Having successfully completed the module, students will be able to:

  1. Explain fundamental principles of human perception and how they apply to the design of data visualizations or other information displays

  2. Reflect on classic and recent data visualization literature

  3. Apply different methods to visualize data sets

  4. Design effective interactive information displays

  5. Evaluate different information displays across a range of dimensions

Theoretical Foundations

  • Human centred data visualisation becomes increasingly important as data analysis becomes more highly automated with machine learning techniques. However, automatic solutions only work when the algorithms are told how to approach the problem. How to ask the right questions. What to look for. Therefore, having a “human in the loop” is an essential ingredient to building the tools that will use data in a way that is most useful to its users.

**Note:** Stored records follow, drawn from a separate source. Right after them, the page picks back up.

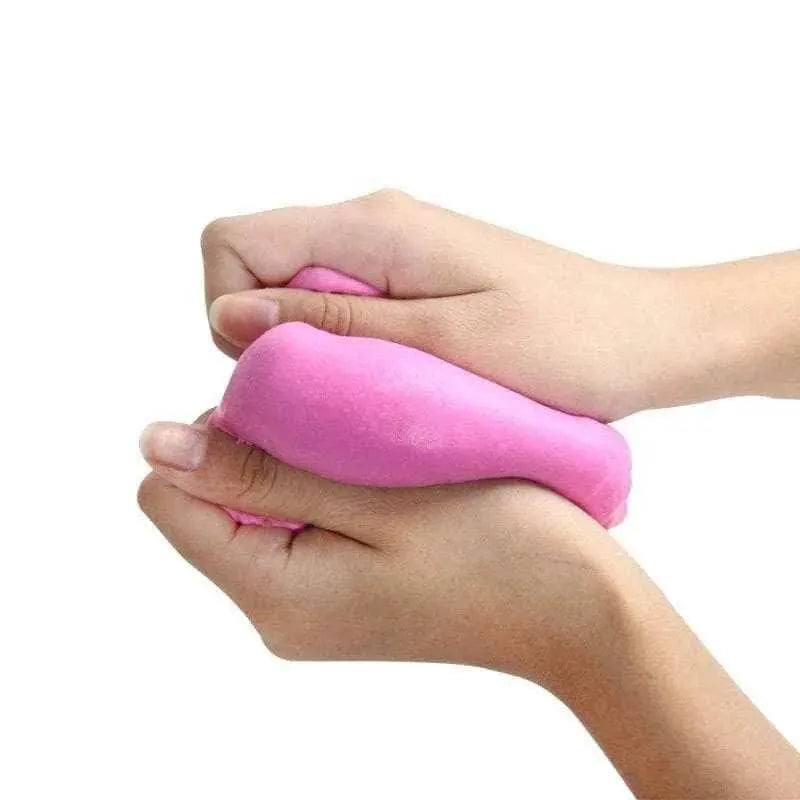 Fluffy Slime Stress Toys Stress Relief Gift Anti Anxiety Toys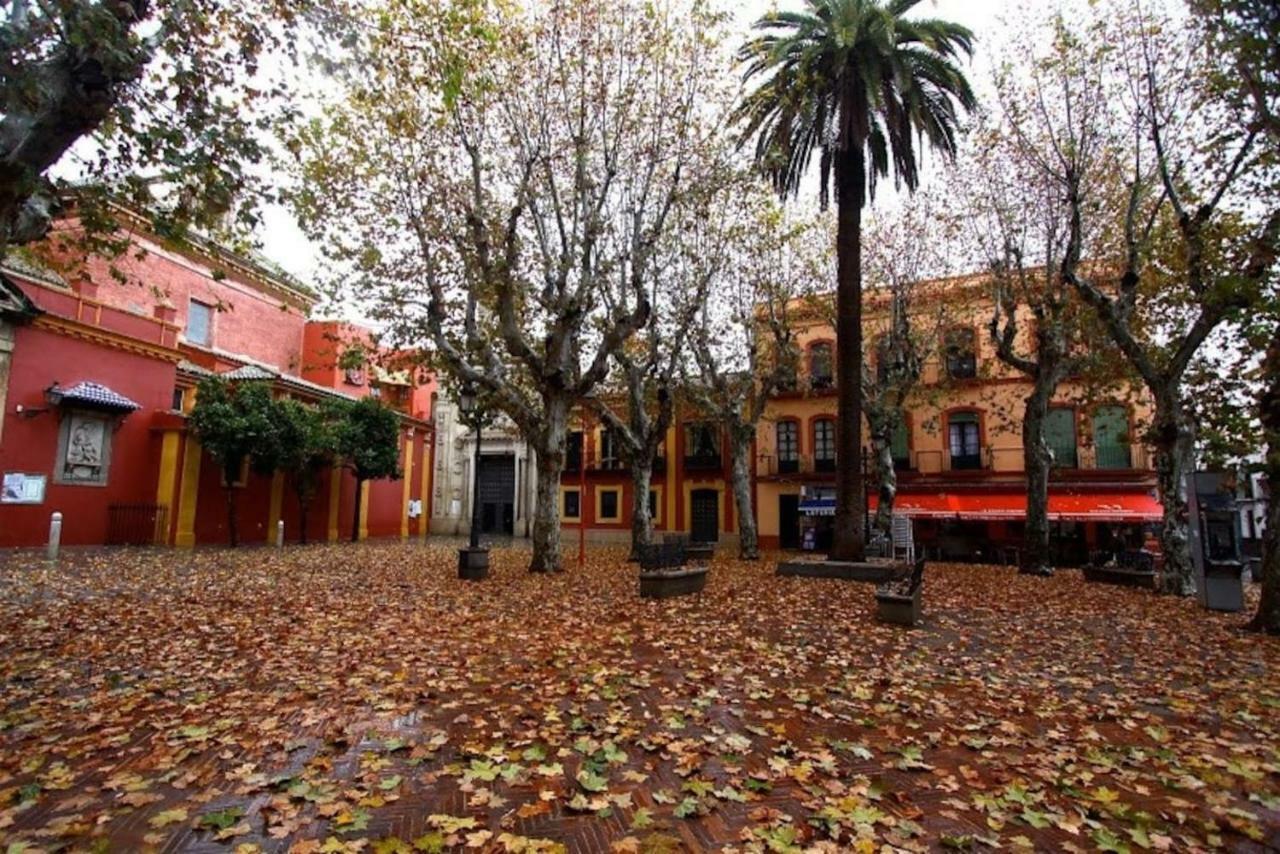 A2 Centro Sevilla Pgb - Museo- Gran Poder -Alameda Exteriér fotografie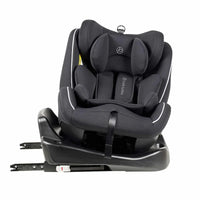 Ickle Bubba Rotator 360 Spin Group 0+/1/2/3 Car Seat Black - All In One Seat From Birth To 12 Years thumbnail 5
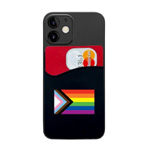 Silicone Cell Phone Wallet Holders - Klickly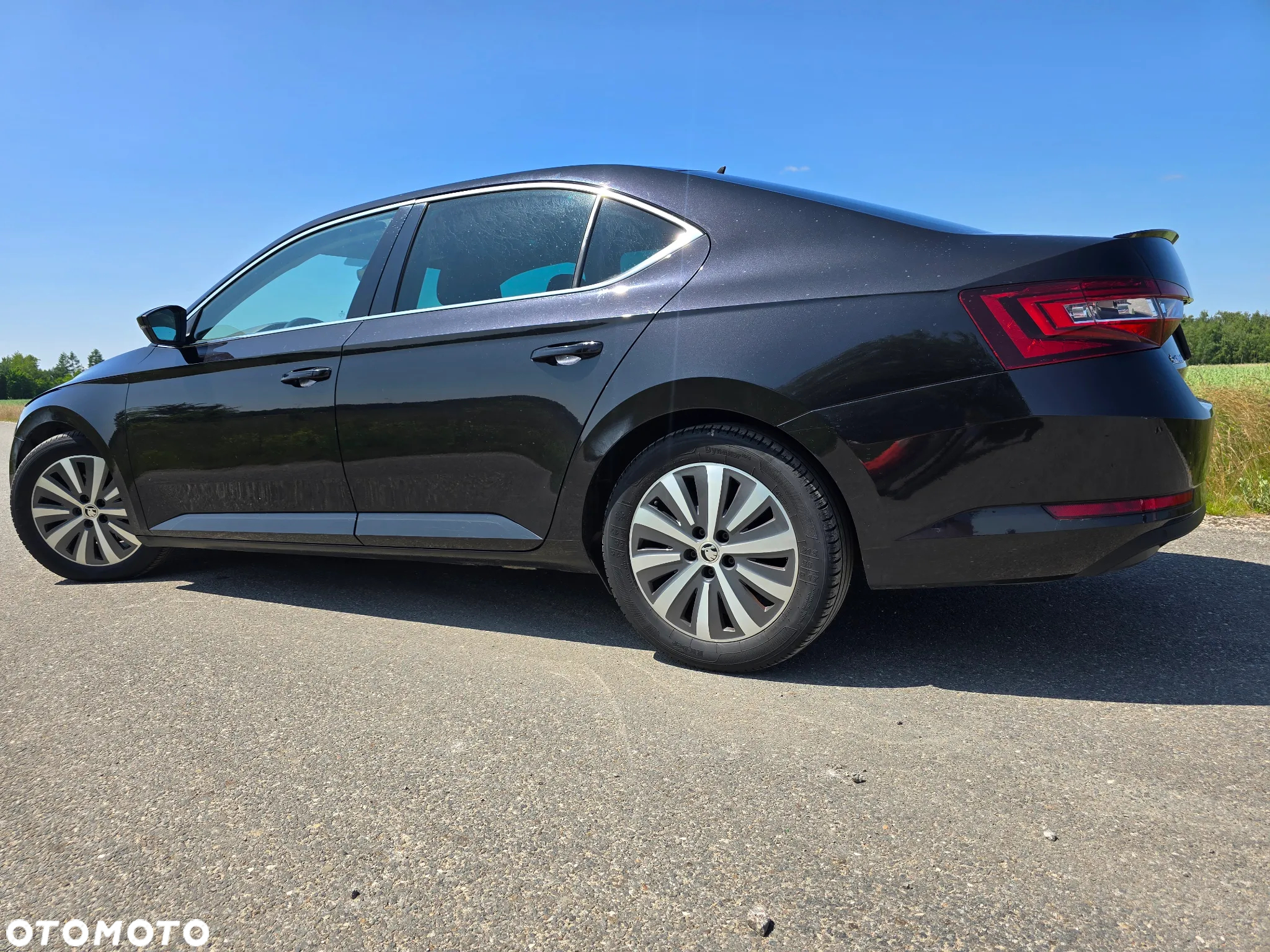 Skoda Superb 1.6 TDI Style Greenline - 6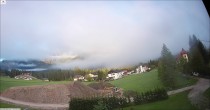 Archiv Foto Webcam Hotel Santer in Toblach 05:00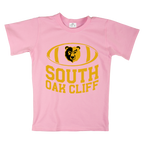 Dallas SOC Football - BEAR BALL T-Shirt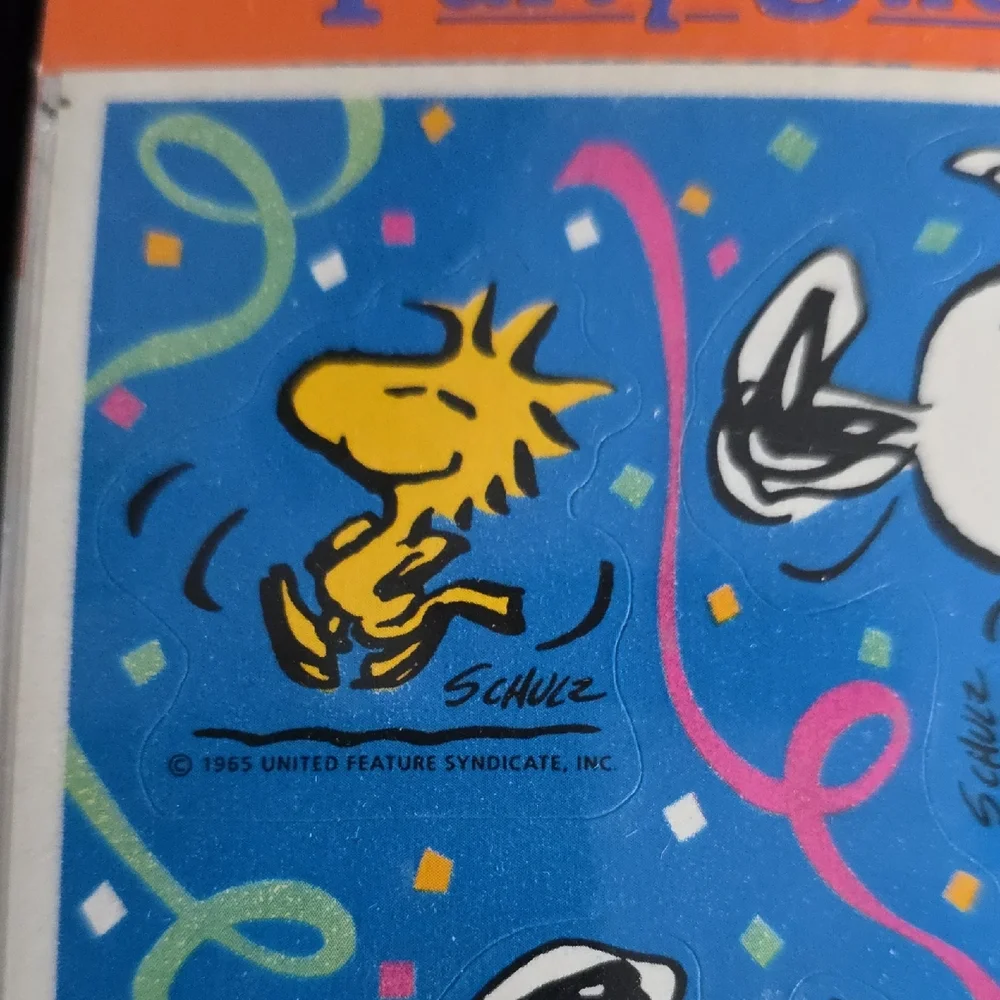 Hallmark snoopy characters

  • There are four basic data set types (according to Visualization Analysis and Design by Tamara Muzner) consisting of Tables, Networks & Trees, Fields, and Geometry. These dataset types consist of five core data types items, attributes, links, positions, and grids. An understanding of these data and dataset types allow the designer to have the knowledge of their attributes and constraints. Thus, when designing the visualization within an application or activation, the designer can make the most intuitive and effective choice.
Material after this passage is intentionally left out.